Alba also said he only asked her to consider resigning on two occasions because of "problems" he said she was having in getting over the affair the two had, which at this point had ended mutually. Alba said he and Hoppe had a sexual affair from February 2012 to August 2012.

"I was never threatening," Alba said in his offer to Hoppe. "It wasn't an ultimatum. It was something for her to consider."

The city's attorney, Christopher Riordan, questioned Alba why asking Hoppe, who only worked at the station three days a month, to resign was the best option. Alba said to him, the other options, such as him taking EMS classes at another location, and having her teach from a different site, presented difficulties.

Alba said Wednesday he wasn't having as near of a problem in getting past his involvement with Hoppe but it was "difficult" for him seeing "someone struggling."

"It didn't affect my performance," said Alba, who during this time was the assistant fire chief and was in the process of interviewing for the vacated fire chief's position.

Hoppe eventually resigned shortly after Alba became fire chief in April 2013, but she never testified during the first hearing in 2013 and isn't testifying at this second hearing.

Alba also said Wednesday he has felt like the victim after he was initially accused of harassment.

Attorney makes case

During opening testimony, Alba's attorney, Douglas W. Rose, used evidence to contradict statements that various witnesses gave an investigator in the initial statement of charges who indicated Hoppe told them she didn't want the relationship. Rose showed emails and racy pictures she sent to Alba in late 2012 and early 2013.

"I'm not sorry I fell head over heels in love with you," she wrote to Alba in December 2013. "I miss you already and cannot promise I can stay away. This girl loves her J."

Another email two months later showed similar sentiments.

"I miss sharing my days/life with you, the joy and the struggles," she wrote in February, while still employed with the department. "Teaching at the fire department is absolutely painful for me now, so I understand what you say about feeling anxious, yet happy and disappointed."

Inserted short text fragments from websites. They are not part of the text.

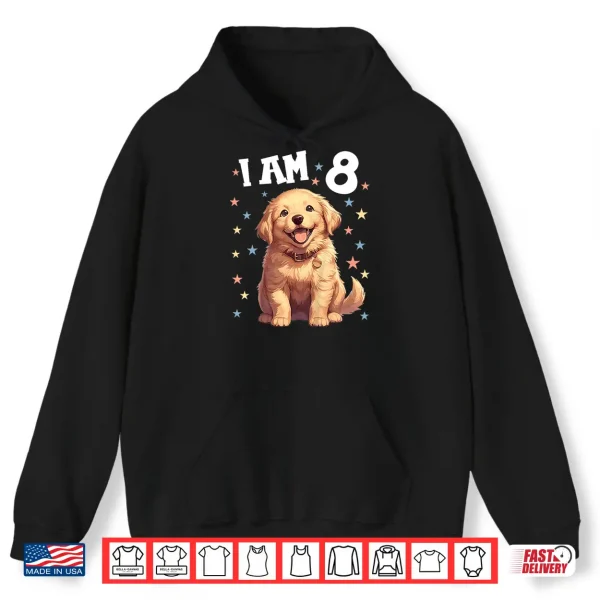 Hoodie Kids 8 Years old 8th birthday Golden Retrievers Golden Retriever Shirt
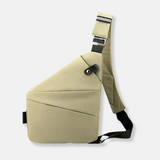 Unisex Schlank Anti-Diebstahl Umhängetasche | Klein – Creme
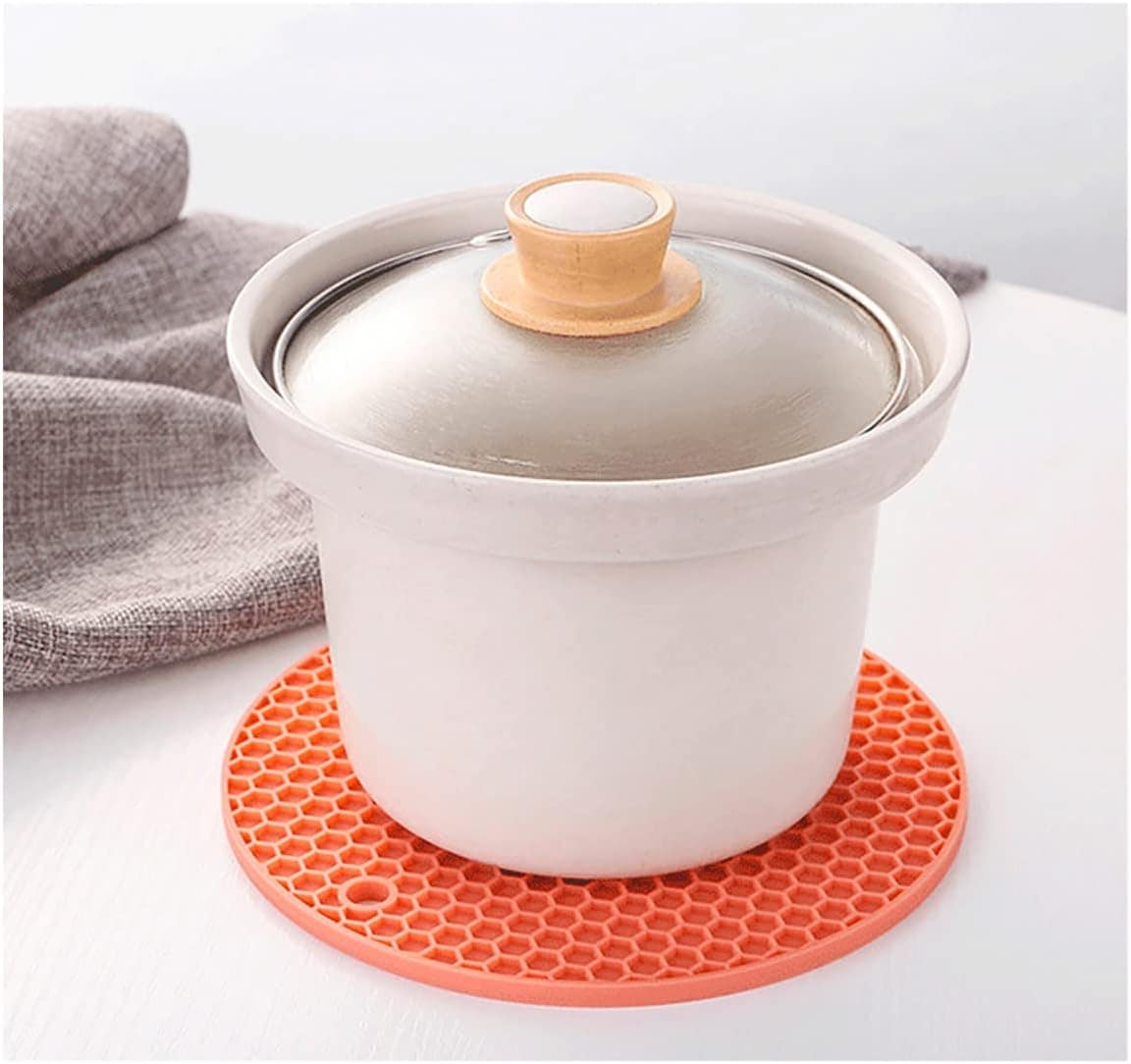 Descanso de Panela em Silicone - Apoio de Panela quente (CIN... - Image 5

Alba's emails to Hoppe were not immediately available during the hearing, but Rose was going to offer them to all parties later on Wednesday or early Thursday.

At one point during Wednesday's hearing Rose asked Chairwoman Cheryl Gemignani to dismiss the charges, but that request was quickly denied.

Finishing on Thursday

Whether the Police and Fire Commission changes its mind and reinstates Alba as chief is to be determined.

"Can you unring that bell?" Rose asked the commission on Wednesday. "We're relying on you."

During his examination of Alba, Riordan focused on the fact that Alba did not present all of the facts of the sexual affair to the investigator in 2013. Alba said he was never asked if they had a sexual relationship and that he was truthful to the questions he was asked.

"He did not act with professionalism and integrity," Riordan said. "Mr. Alba's conduct was detrimental to the Fire Department."

Final testimony continues on Thursday as well as closing statements. The commission will then make a written decision on Alba's fate in the coming weeks.